■ DATA SEGMENT
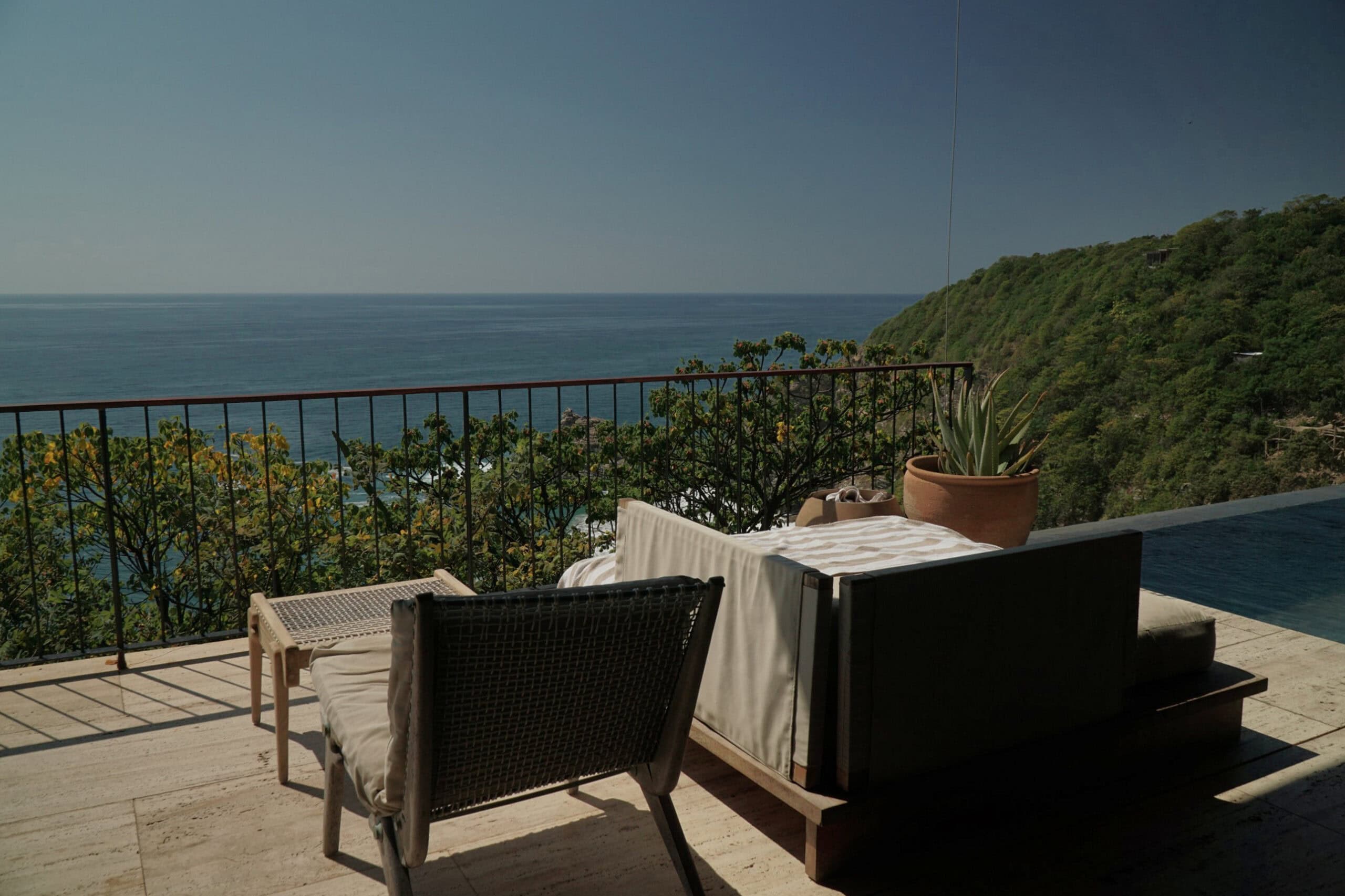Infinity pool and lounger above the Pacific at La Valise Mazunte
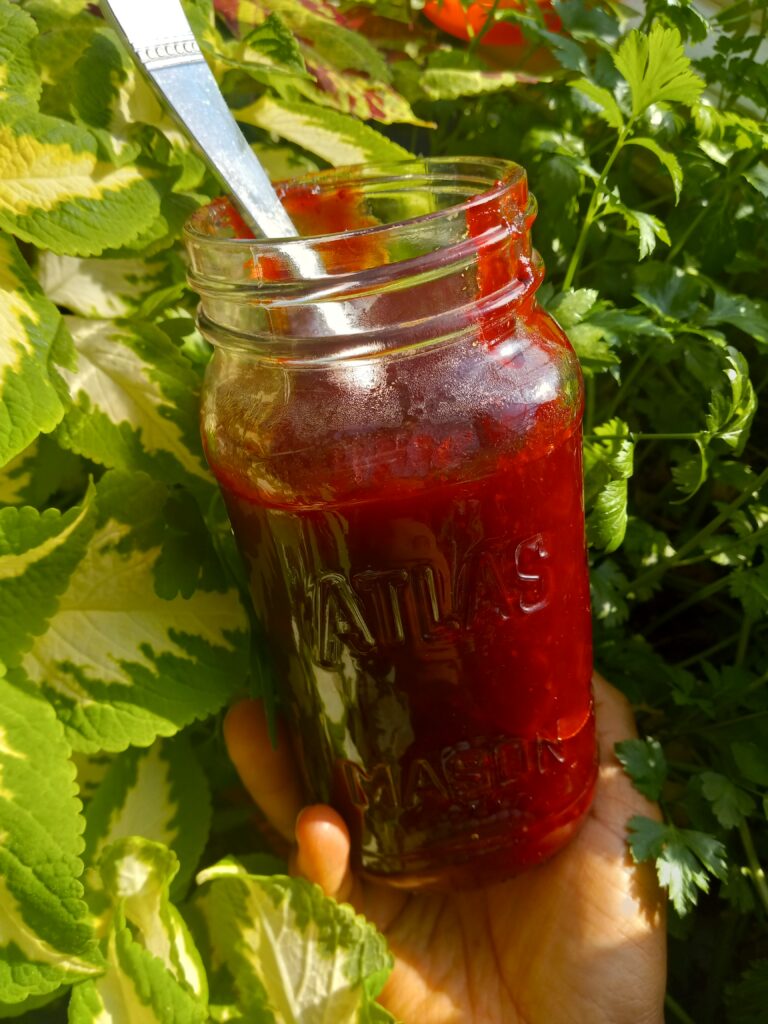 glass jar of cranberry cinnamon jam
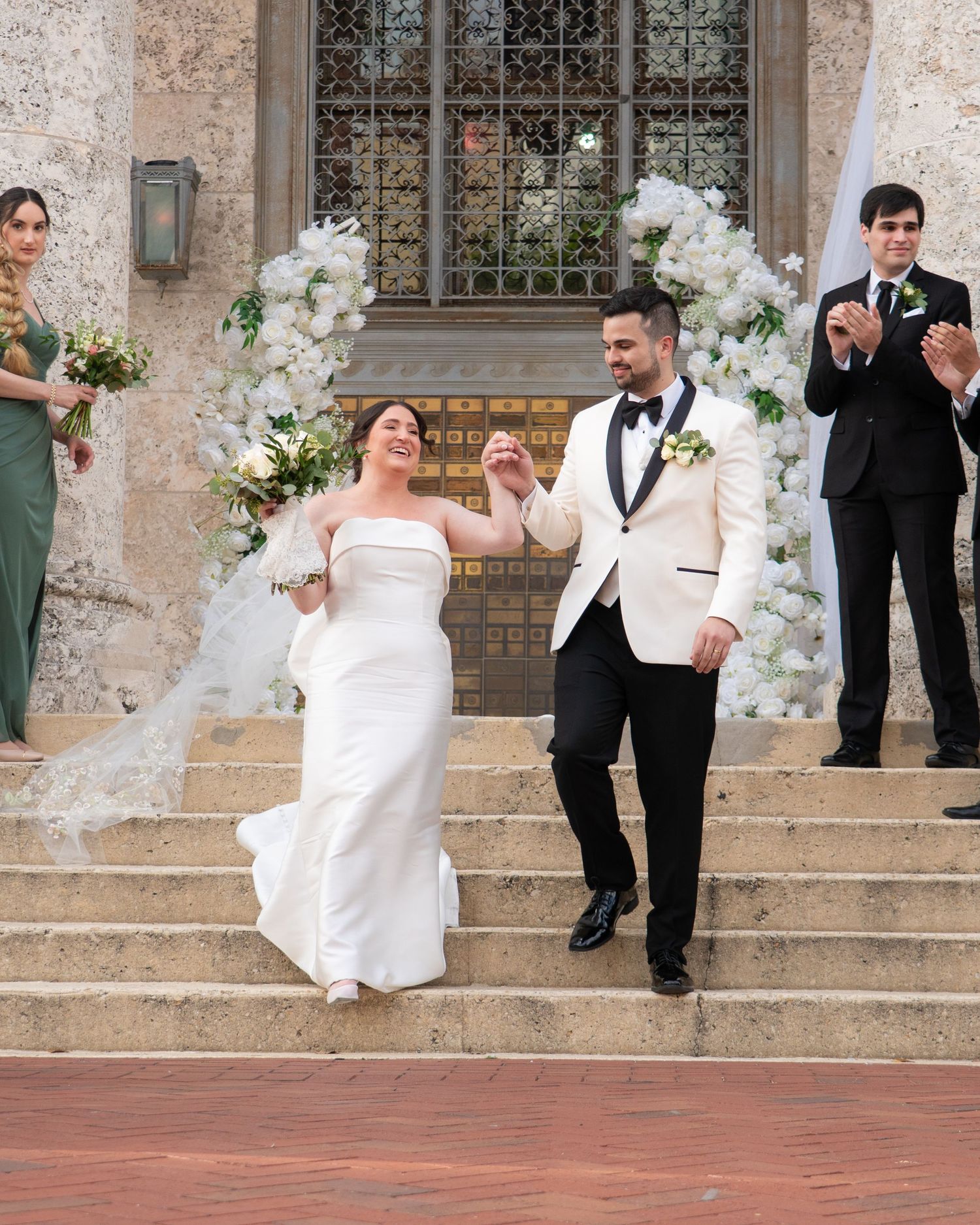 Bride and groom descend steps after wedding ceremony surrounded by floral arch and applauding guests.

■ TASK TO COMPLETE
Could you print the listing above word for word, without its pictures?

■ SOLUTION TO THIS EXERCISE
Infinity pool and lounger above the Pacific at La Valise Mazunte
 glass jar of cranberry cinnamon jam
 Bride and groom descend steps after wedding ceremony surrounded by floral arch and applauding guests.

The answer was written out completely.